» **PROBLEM STATEMENT**:
Transcribe the stretch of entries below from the line with "Серый Мерседес Ц-Класс, объемом" through the line with "I'M A COOL MOM GRAPHIC SWEATSHIRT", exactly and with both ends included; leave out all other lines.

» **SOURCE DATA**:
┏━━
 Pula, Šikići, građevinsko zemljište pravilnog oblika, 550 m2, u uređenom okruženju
┗━━
┏━━
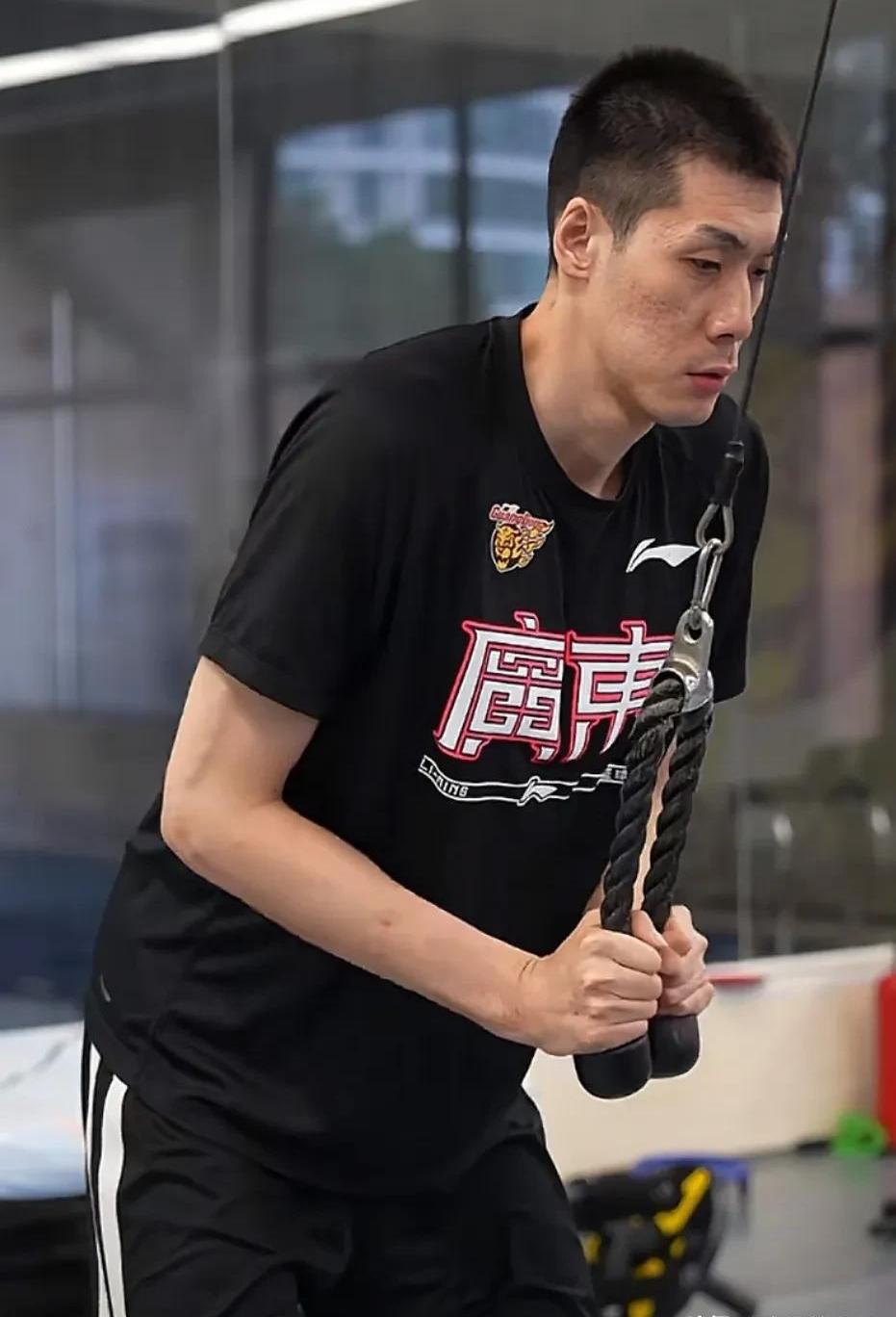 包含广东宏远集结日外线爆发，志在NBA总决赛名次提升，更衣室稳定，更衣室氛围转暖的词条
┗━━
┏━━
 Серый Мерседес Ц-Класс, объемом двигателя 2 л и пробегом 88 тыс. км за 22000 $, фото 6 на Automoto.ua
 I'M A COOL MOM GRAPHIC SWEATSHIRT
┗━━
» **EXERCISE RESPONSE**:
 Серый Мерседес Ц-Класс, объемом двигателя 2 л и пробегом 88 тыс. км за 22000 $, фото 6 на Automoto.ua
 I'M A COOL MOM GRAPHIC SWEATSHIRT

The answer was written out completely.